2/ 60 ans. Un bijou allègre et réjouissant, à 200% autobiographique. Après avoir exposé les petites contrariétés dues à l'âge comme l'insomnie, la vue qui baisse, le coeur qui s'essouffle, il dresse, sans complaisance aucune, son autocritique : "J'ai toujours vécu dans les nuages et à l'ouest, plein de conneries attachées à mes fesses". Si ça, ce n'est pas de la lucidité ! Mais cette chanson, au rythme entraînant, est avant tout un formidable hymne à la vie, un torrent chargé d'amour. Par moment, quand Eric swingue, on a l'impression d'entendre Nino Ferrer. Ecoutez bien ; c'est troublant.
3/ Suzanne invente des amours. Une chanson sur la solitude. Une solitude que Suzanne tente de remplir à grand renfort de fantasmes. Le texte est très descriptif - on est projeté en Bretagne - on voit le paysage. la force de cette chanson est justement cette adroite juxtaposition entre un décor réaliste et concret et des amours imaginaires. Un vrai petit film qui se déroule sur une ambiance rock'n'roll.
4/ Ce n'est pas vrai. Une jolie complainte pour exprimer la crainte d'un monde qui s'autodétruit. Mais cette appréhension est nuancée par une volonté d'espoir en l'humanité. Sobre et efficace. A noter un son de guitare vraiment joli.
5/ 5 de Coco. Sensation de voir en légèrement accéléré un petit film couleur sépia empreint d'une nostalgie amusée sur les années folles, ou bien de feuilleter un Jour de France, le grand frère en plus classieux de Match. Un bel hommage à Coco Chanel et à son époque.
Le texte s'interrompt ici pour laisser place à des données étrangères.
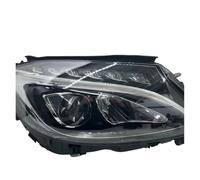 TWMEU Lot Phares Pour Benz C-Clas C200 C260 W205 Phares Phare D'assemblage LED Complet(With module Right)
6/ Je te ramasse. La dépendance et le besoin de l'autre avoués sur un ton faussement détaché. Une quête d'amour pleine d'humilité, d'altruisme et de générosité. Une main tendue et un coeur ouvert. Ou l'art subtil de se moquer de soi-même à travers un fiasco assumé.
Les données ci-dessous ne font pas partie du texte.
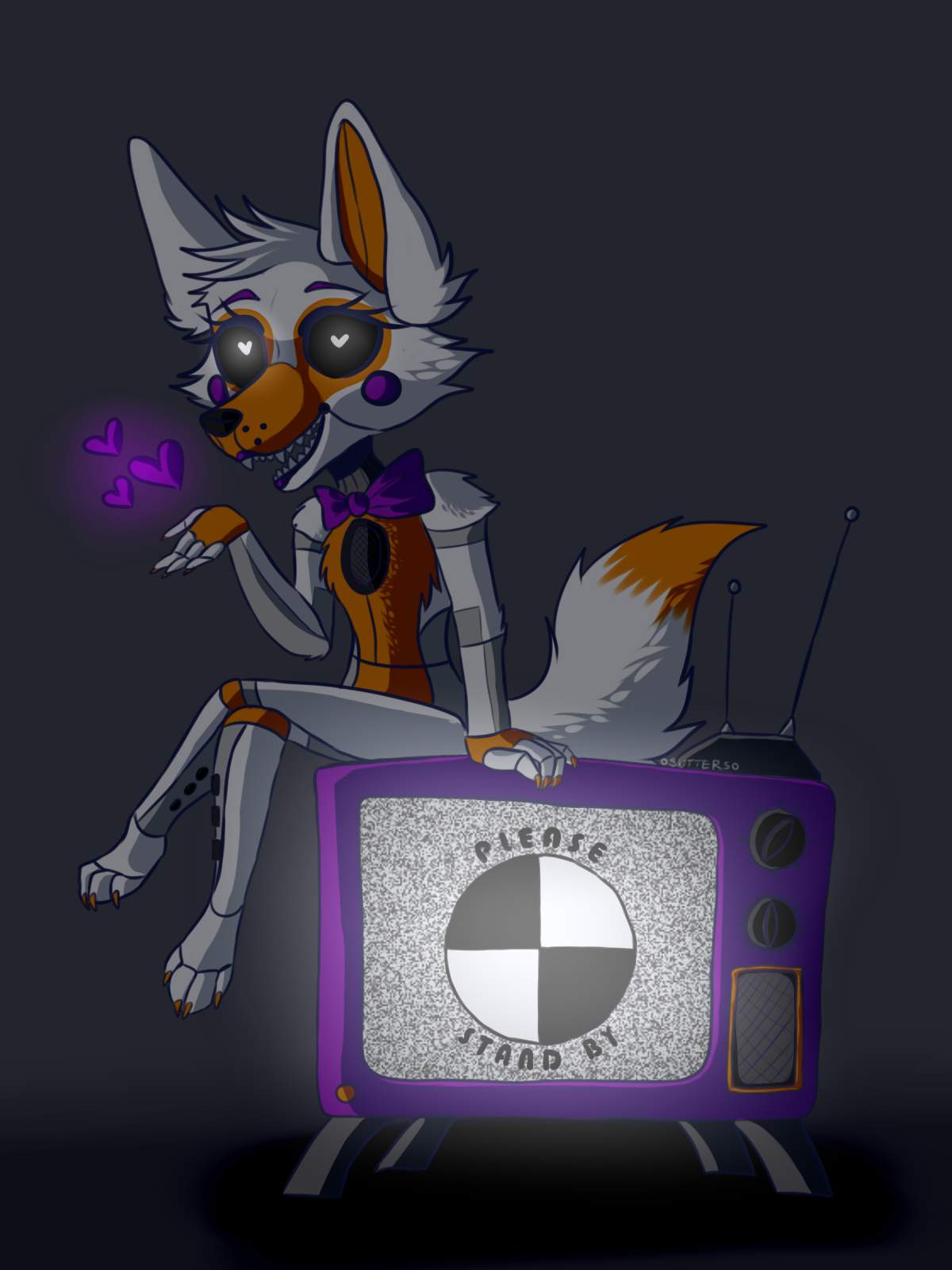 Lolbit x yendo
7/ Je vous retiens. Fermez les yeux. On croirait entendre Hugues Aufray ! Une ode doucement jazzy à l'amour de l'amour. Le Charden nous semble être un homme en demande d'amour et en offre d'amour perpétuelles. Il en veut et il veut en donner. Très émouvant.
8/ Le loup. Une java rigolote en duo avec une fillette qui joue à se faire peur. C'est joli comme tout, mignon, sympa, plein de tendresse. Dans leurs voix, on voit leurs sourires complices. Une chanson clin d'oeil, courte, à part, intemporelle.
9/ Amour, amour. L'amour, toujours l'amour. La plainte d'un affamé sur l'importance, sur la nécessité de l'amour. Une interprétation pleine de sensibilité, une jolie mélodie sublimée par une superbe partie de piano.